İçeri adımınızı atar atmaz enerjisini hissediyorsunuz Oğuzhan "Ozzie" Sayı'nın... Kokoreç tezgahının başında bir dakika durmuyor; bir anda paket serviste bir başka anda masada sizinle sohbet ediyor; diğer yandan sosisleri ızgaraya atıyor. Bu haliyle sadece karnınızın doyduğu yer değil, ruhunuzun da şekillendiği bir yer Ozzie's 1968.

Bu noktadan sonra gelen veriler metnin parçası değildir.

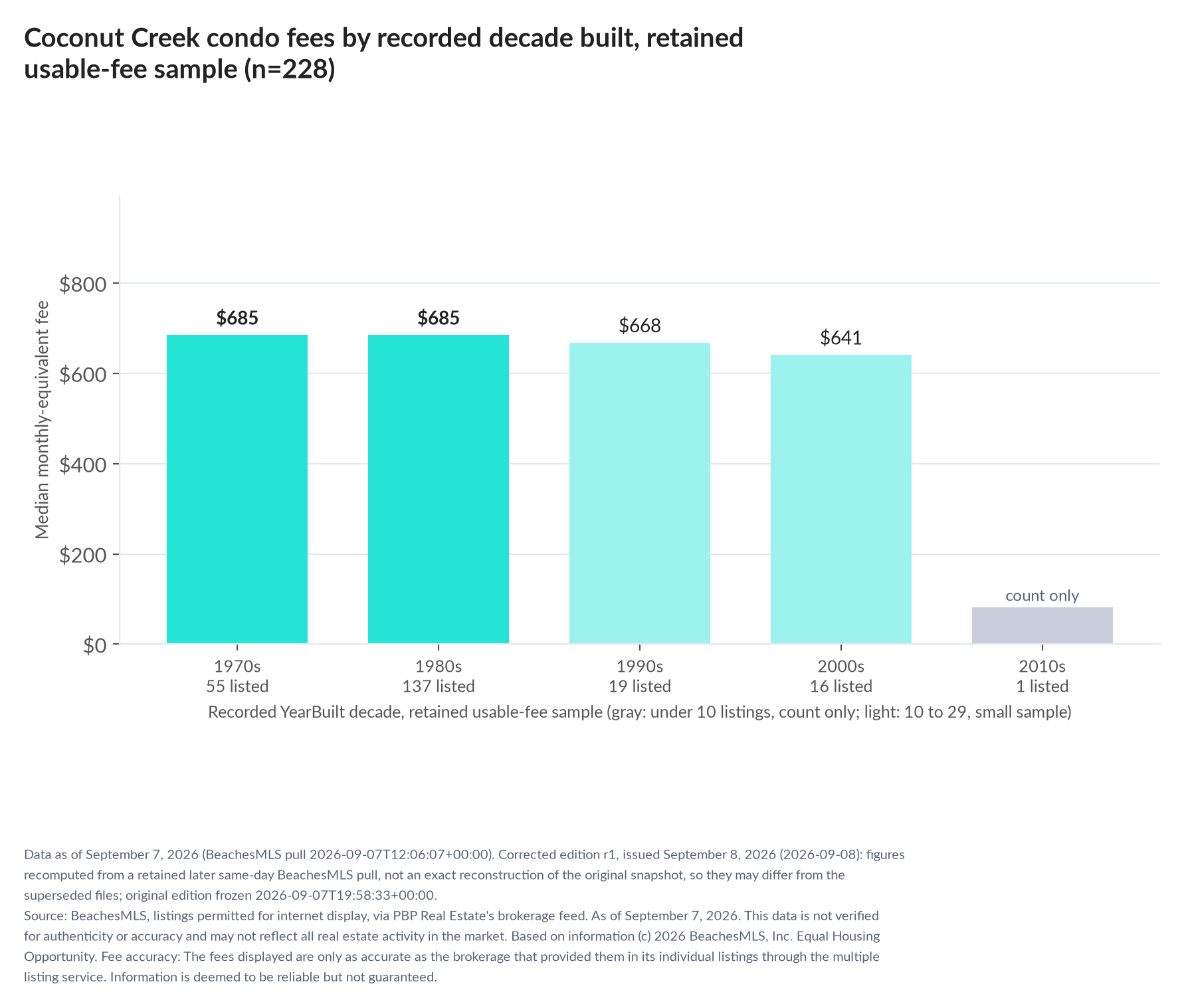 Column chart of median fee by recorded decade built: 1970s $685 (55 listings); 1980s $685 (137 listings); 1990s $668 (19 listings); 2000s $641 (16 listings); 2010s count only (1 listings).
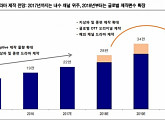 스튜디오드래곤, 2018년 영업이익 699억 원 예상-KTB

Yıllarca babası Ali Sayı'nın kokoreç tezgahını ve dükkanını bir aile gibi yönetmesine şahitlik etmiş Ozzie... Kokoreçin böbrek yatağı ve iç yağına sarılı değil uykuluğa sarılı halinin bozulmamasının da hem bu aile kültürü hem de işini ciddiyetle yapmanın önemli ilgisi var. Kokoreç kültürü dersini de alttan alta müşterilerine aşılamış Ali Usta. Şimdilerde "İstanbul usulü" olarak anılan, kokoreçin biber ve domatesle harmanlanıp hem lezzetinin değiştirildiği hem de kokoreç muhteviyatının azaltıldığı modele kökten karşıymış. Bu geleneği ve anlayışı Ozzie de benimsemiş vaziyette, "İstanbul usulü" kokoreçe "menemen" diyor; ama isteyen müşterilerini yine de kırmadan hazırlıyor. "Usulüyle" kokoreç yemek isteyenlerin ve özellikle İzmir usulü hastalarının hem gönlü hem midesi oldu bir şekilde ayrılabileceği İstanbul'daki ender yerlerden biri.

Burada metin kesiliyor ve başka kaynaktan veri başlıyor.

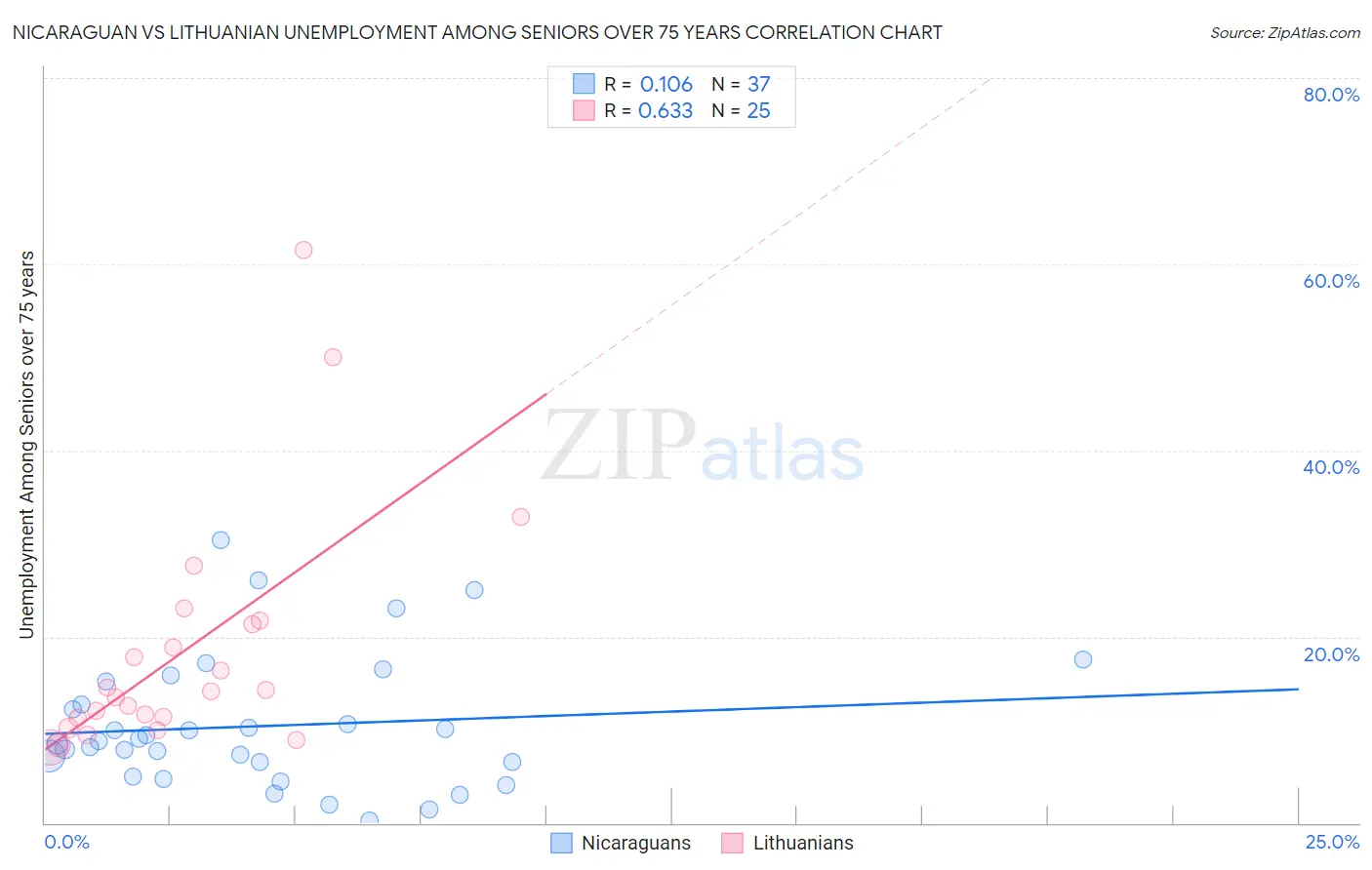 Nicaraguan vs Lithuanian Unemployment Among Seniors over 75 years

Kokoreçin kökenine bu kadar sadık kalırken, adeta şiirdeki "ikinci yeni" gibi kendine özgü denemelere de imza atmıyor değil Ozzie. Babasının adını verdiği ve güveçte pişirir gibi ağır ağır lezzet merdivenlerini tırmandırdığı "Aliş Kebap", halka kokoreçin arasına bir dilim peynir yerleştirerek hazırladığı "peynirli" ve kokoreç sevmeyenler için kendi ürettiği özel sosisi ve sucuğuyla "kokoreç açılımını" da gerçekleştirmiş durumda.
Hele bir de sucuğun ve kokoreçin "sıcak servis" üzerinde gelmesi uygulaması var ki hem görsel şov, hem de lezzet şovu.
Şirket CEO'larının masa sildiği, müşterinin yeri geldiğinde çay doldurup kokoreç sattığı, aile ortamında gerçek kokoreç yemek isteyenler için Ozzie's 1968'i tavsiye ederim. Belli ki Ozzie, rüyalarına kadar girip vasiyet etmiş Ali Amca'nın yüzünü kara çıkarmamış.